Scrutinized Ghislaine Maxwell Juror Says He Did Not Lie to Be Part of Trial

A juror from British socialite Ghislaine Maxwell's sex trafficking trial told a judge Tuesday that he did not lie in order to be selected for the jury as a dispute over his past threatens to potentially upend the case's verdict.

Maxwell was convicted late last year of aiding in the late financier Jeffrey Epstein's sexual abuse of teenage girls over a period of about 10 years.

The juror came under scrutiny upon revealing after Maxwell was already convicted that he was abused as a child, something that he allegedly failed to reveal in a questionnaire potential jurors had to fill out during the selection process, the Associated Press reported.

The juror, referred to as Juror No. 50, revealed in interviews after the trial that he had been sexually abused as a child and said that he used his experience to help illustrate to other jurors that a victim's recollection of past abuse doesn't have to be perfect in order for it to be true, the AP reported.

But when the juror was asked on the screening questionnaire whether he, a friend or family member had ever been the victim of sexual abuse, assault or harassment, he reportedly checked "No."

Maxwell Juror
A juror from British socialite Ghislaine Maxwell's sex trafficking trial told a judge Tuesday that he did not lie in order to be selected for the jury as a dispute over his past threatens to potentially upend the case's verdict. Above, this courtroom sketch shows Judge Alison Nathan reading the guilty verdict against Maxwell on Wednesday, December 29, 2021, in New York. Elizabeth Williams via AP

The post-trial revelations caused Maxwell's lawyers to call for the guilty verdict to be scrapped. If his history of abuse had been known to Maxwell's lawyers, they may have had grounds to oppose his selection, especially since the accusations against Maxwell centered on sexual abuse, according to the AP.

When the juror was questioned by a U.S. judge on Tuesday, he denied purposefully failing to answer the question about his abuse history truthfully. He said that he had "skimmed way too fast" through the questionnaire and didn't remember the question, which was No. 48 on the survey, the AP reported.
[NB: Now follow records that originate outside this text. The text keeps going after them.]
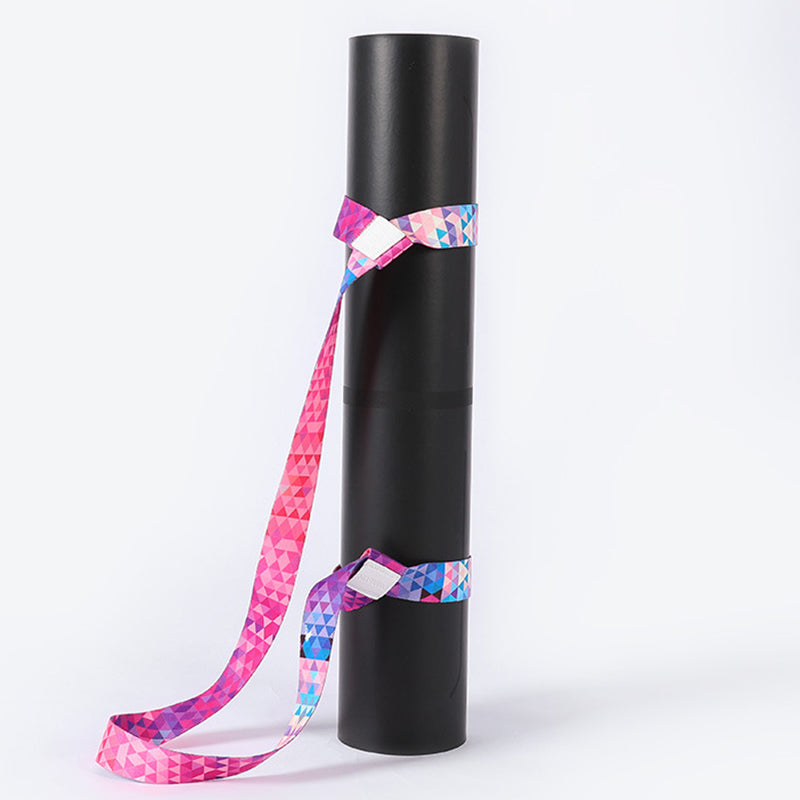 Pure Cotton Yoga Mat Strap Elastic Band Colorful Binding Storage Rope Bag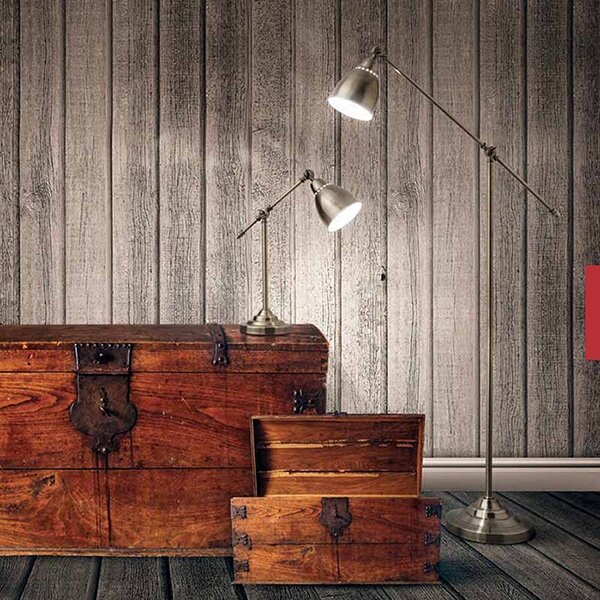 Ideal Lux - Стенен аплик NEWTON 1xE27/42W/230V бронзов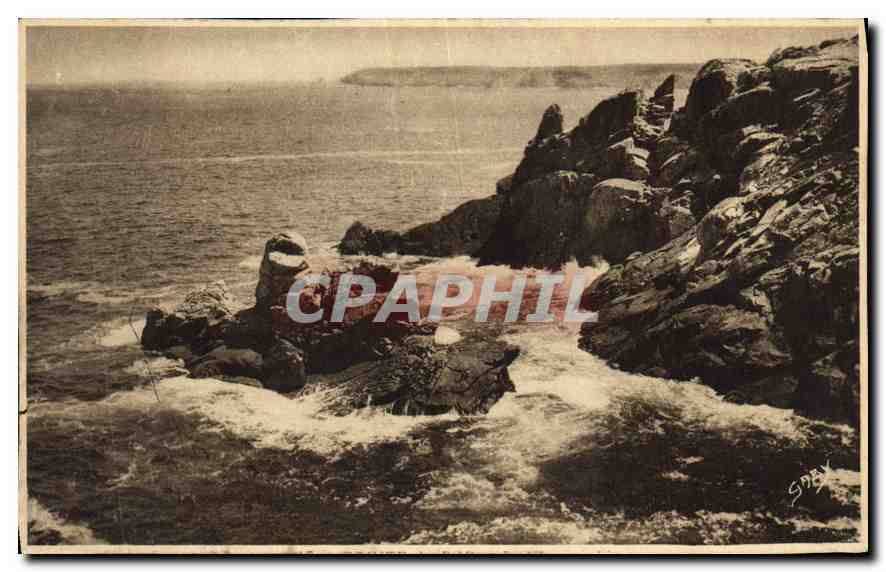 CPA Rochers bord de mer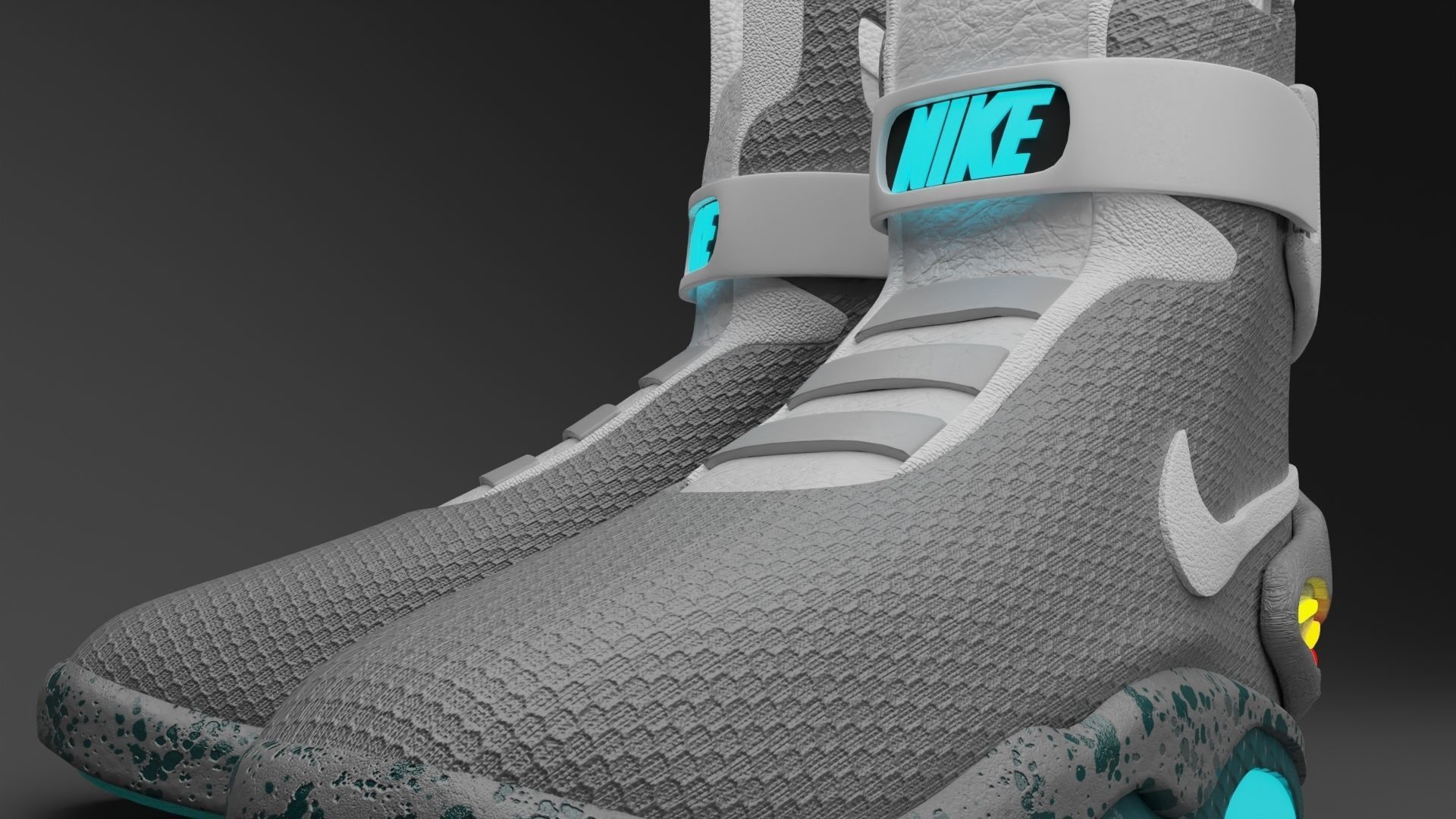 Nike air mag  3D model_7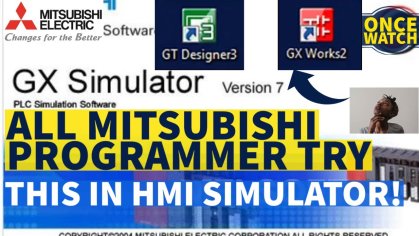 gx simulator download| gt designer 3 simulator |gx works 2 simulator |gt designer 3 tutorial - YouTube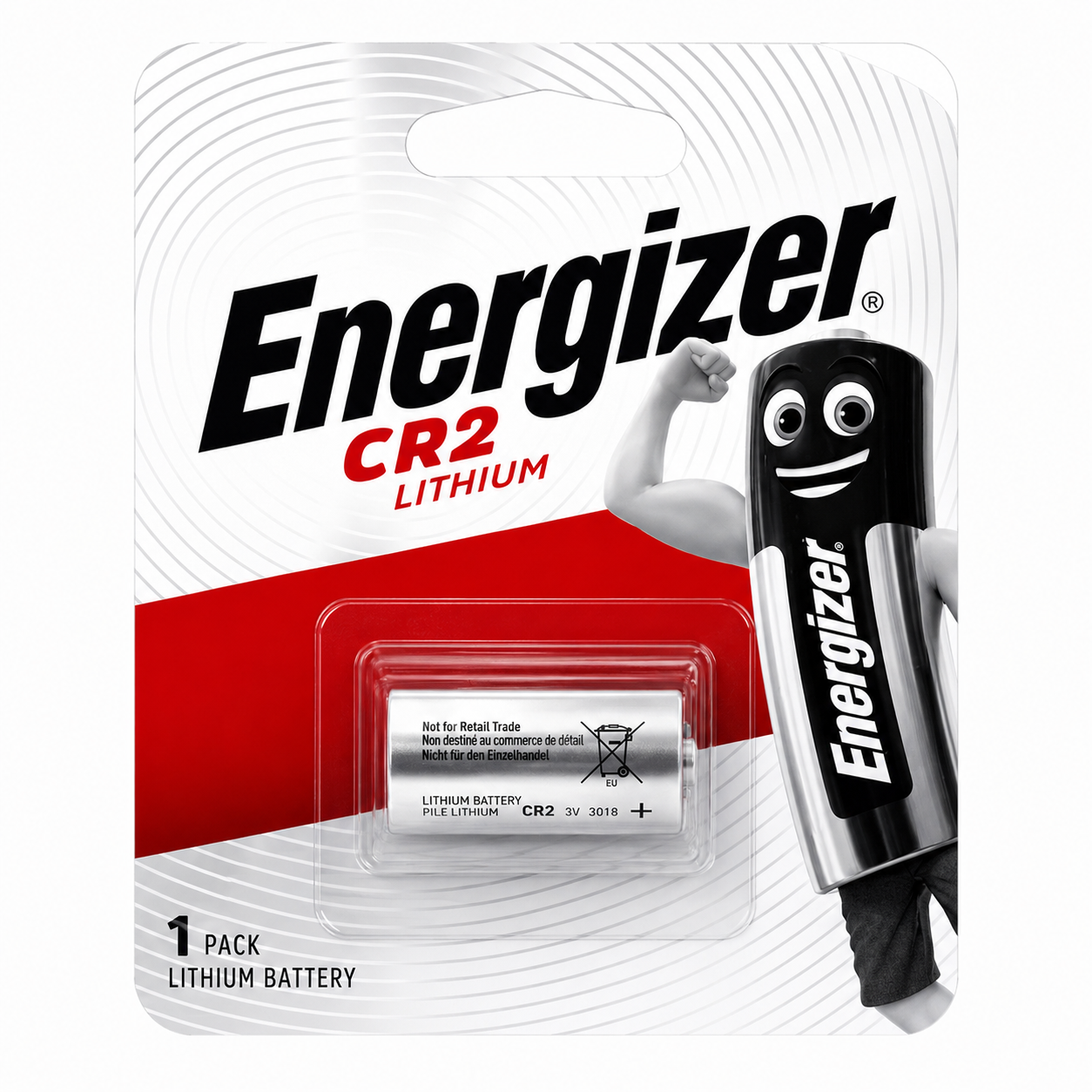 (Del) Energizer-Pin Lithium Cr2 Bp1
He voiced regret but said that he hadn't lied in order to be selected.

"This is one of the biggest mistakes I've ever made in my life," he said.

The judge's questioning lasted for more than a half hour, according to the AP. The juror was granted immunity beforehand after saying that he would use his Fifth Amendment rights.

Juror No. 50 said during the questioning that at the ages of 9 and 10, he was repeatedly sexually abused by two people, the AP reported.

Lawyers now have until March 15 to provide legal briefs on whether the verdict should or shouldn't be tossed.

Newsweek has reached out to one of Maxwell's lawyers for comment.

Update 03/08/22, 2:45 p.m. ET: This story was updated with additional information and background.